Non appena il suo amico ebbe finito di riportare il gossip di Catullo, Mecenate credette di morire di felicità e nella sua mente cominciò a macchinare un piano d'azione per provarci pesantemente con Augusto. Quella festa era proprio l'occasione che gli serviva: ora che il suo amato era triste e solo, gli avrebbe offerto sostegno morale e pian piano lo avrebbe conquistato.
"Mo quindi Ottavia è single" commentò Orazio dissimulando il suo interesse.
"Nun ce pensa' nemmeno: quella nun se tocca, capito? Parlo pure co' te, Virgi'", mise subito le cose in chiaro Mecenate, "Ce stanno 'n sacco de ragazze 'n giro pe' 'n'avventura: lontani da Ottavia, ce semo capiti?".
"Sì, mamma" disse ironico Orazio.
Virgilio alzò le spalle, tanto quella ragazzina non gli era mai interessata.

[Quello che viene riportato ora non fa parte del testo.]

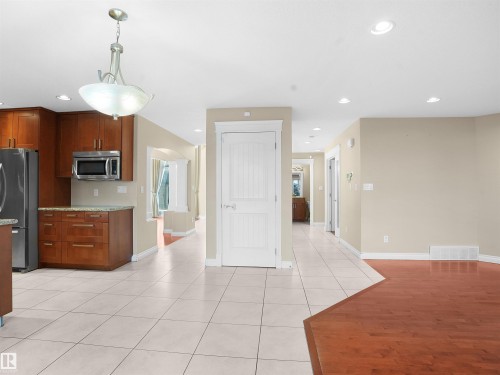 4534 162 Avenue, Edmonton, AB - Indoor Photo Showing Kitchen
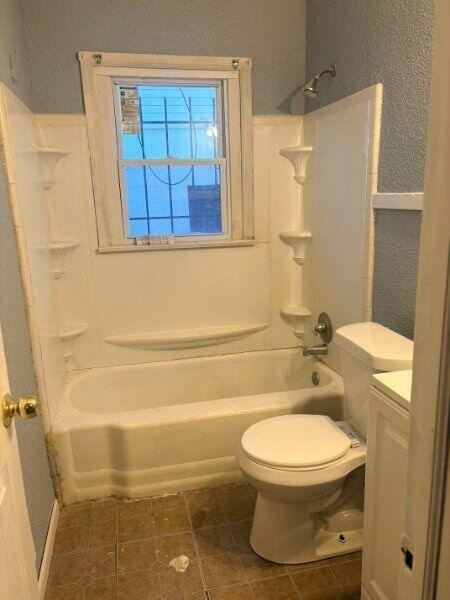 17432 Mackay St - Photo 2 of 7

"Ve passo a pija alle otto, va be'?" chiese Properzio.
"Però se guidi te nun puoi be', ricordi?" gli fece notare Virgilio.
"Allora niente, c'attaccamo ar cazzo" cambiò idea l'altro.
"Virgi', Marzia nun ce può accompagna'? Poi pe' er ritorno se vede, capace pure che ce accampamo da Ovidio" domandò Orazio.
"Voi ve accampate, io 'n caso richiamo mi' nonna e tanti saluti" rispose Virgilio.
"E io me te affilo dietro. Tanto c''o so che scoperanno tutti ovunque tranne noi due" commentò Mecenate con un sorriso dolceamaro.
"Fate come ve pare, basta che pe' l'andata stamo pace" sospirò Properzio.
"Tanto nonna ce accompagna sicuro, stateve boni. Mo giocamo che voglio la rivincita" concluse Virgilio.
"Tanto riperdi, sei troppo scarso" lo schernì Orazio riprendendo in mano il controller che aveva lanciato sul letto.
"Te viecce" gli rispose Virgilio con aria di sfida dando il via al gioco.